§ **Exercise**
Could you copy out every line of the data where the word "wijn" occurs?

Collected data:

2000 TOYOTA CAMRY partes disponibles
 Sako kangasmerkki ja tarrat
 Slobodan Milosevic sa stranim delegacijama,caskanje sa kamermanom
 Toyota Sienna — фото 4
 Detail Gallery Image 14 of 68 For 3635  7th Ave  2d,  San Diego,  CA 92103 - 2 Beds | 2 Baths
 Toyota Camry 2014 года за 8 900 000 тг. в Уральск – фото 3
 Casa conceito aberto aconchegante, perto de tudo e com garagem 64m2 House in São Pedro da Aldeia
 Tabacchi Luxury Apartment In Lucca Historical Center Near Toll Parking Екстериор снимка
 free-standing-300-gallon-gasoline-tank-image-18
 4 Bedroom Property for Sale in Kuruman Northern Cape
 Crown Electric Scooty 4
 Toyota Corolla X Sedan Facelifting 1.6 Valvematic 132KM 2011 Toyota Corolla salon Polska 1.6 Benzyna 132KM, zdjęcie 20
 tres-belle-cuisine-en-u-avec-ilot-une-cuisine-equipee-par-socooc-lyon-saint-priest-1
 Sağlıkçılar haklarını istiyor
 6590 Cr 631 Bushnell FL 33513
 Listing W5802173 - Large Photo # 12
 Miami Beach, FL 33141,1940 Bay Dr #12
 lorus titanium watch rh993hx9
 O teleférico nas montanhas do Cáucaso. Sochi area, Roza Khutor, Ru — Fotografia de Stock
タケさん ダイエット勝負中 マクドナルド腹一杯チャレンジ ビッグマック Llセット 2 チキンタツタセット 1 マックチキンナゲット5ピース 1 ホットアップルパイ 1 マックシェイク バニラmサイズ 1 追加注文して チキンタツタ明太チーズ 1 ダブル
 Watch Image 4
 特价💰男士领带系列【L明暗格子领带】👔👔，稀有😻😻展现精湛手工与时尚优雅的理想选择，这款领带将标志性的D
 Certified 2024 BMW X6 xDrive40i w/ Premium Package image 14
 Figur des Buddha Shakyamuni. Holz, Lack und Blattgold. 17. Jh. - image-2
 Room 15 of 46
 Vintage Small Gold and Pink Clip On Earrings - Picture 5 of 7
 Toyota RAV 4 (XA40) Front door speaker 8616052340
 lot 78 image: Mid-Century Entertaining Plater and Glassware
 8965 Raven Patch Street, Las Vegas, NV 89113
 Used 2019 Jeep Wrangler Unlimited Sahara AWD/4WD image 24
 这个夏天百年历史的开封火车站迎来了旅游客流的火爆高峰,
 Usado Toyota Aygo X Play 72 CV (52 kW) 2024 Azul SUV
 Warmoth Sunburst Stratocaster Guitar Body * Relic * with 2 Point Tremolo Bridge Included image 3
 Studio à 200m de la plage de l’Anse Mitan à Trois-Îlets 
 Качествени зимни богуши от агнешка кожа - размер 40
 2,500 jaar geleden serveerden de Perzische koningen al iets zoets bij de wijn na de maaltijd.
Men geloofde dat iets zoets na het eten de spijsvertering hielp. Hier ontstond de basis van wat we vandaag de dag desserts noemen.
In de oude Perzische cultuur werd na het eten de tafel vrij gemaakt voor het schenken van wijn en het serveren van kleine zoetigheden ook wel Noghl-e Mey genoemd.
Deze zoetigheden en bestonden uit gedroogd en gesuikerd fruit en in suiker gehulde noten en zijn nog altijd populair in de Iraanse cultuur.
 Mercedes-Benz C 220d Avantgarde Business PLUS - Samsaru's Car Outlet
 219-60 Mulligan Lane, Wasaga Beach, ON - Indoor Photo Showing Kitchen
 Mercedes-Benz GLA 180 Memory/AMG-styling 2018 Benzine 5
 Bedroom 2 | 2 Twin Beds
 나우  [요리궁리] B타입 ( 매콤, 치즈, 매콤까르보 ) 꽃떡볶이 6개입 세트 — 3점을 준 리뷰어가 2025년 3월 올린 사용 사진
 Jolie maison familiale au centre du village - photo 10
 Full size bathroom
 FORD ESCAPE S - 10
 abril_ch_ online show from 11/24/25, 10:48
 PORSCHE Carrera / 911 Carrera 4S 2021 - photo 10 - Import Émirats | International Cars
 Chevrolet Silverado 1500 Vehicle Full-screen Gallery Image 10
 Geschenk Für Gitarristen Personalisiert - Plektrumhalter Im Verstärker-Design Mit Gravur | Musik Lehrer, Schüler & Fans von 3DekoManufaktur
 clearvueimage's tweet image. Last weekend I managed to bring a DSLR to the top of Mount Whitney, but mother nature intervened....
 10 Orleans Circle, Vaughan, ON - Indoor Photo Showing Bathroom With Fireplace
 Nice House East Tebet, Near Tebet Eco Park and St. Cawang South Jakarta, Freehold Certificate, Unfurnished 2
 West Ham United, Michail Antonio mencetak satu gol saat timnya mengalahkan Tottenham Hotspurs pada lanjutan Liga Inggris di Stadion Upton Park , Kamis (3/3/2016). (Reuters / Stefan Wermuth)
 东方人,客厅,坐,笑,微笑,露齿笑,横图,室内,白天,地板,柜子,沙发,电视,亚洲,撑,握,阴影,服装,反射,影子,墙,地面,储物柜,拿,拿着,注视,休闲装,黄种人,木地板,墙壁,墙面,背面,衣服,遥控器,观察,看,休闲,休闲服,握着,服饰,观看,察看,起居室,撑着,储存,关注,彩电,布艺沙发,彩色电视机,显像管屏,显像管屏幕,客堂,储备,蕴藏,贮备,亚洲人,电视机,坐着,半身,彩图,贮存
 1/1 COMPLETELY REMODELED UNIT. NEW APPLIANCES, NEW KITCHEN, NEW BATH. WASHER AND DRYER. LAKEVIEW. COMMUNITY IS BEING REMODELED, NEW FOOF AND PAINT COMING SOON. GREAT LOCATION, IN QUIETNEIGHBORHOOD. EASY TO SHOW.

§ **Response**
 2,500 jaar geleden serveerden de Perzische koningen al iets zoets bij de wijn na de maaltijd.
In de oude Perzische cultuur werd na het eten de tafel vrij gemaakt voor het schenken van wijn en het serveren van kleine zoetigheden ook wel Noghl-e Mey genoemd.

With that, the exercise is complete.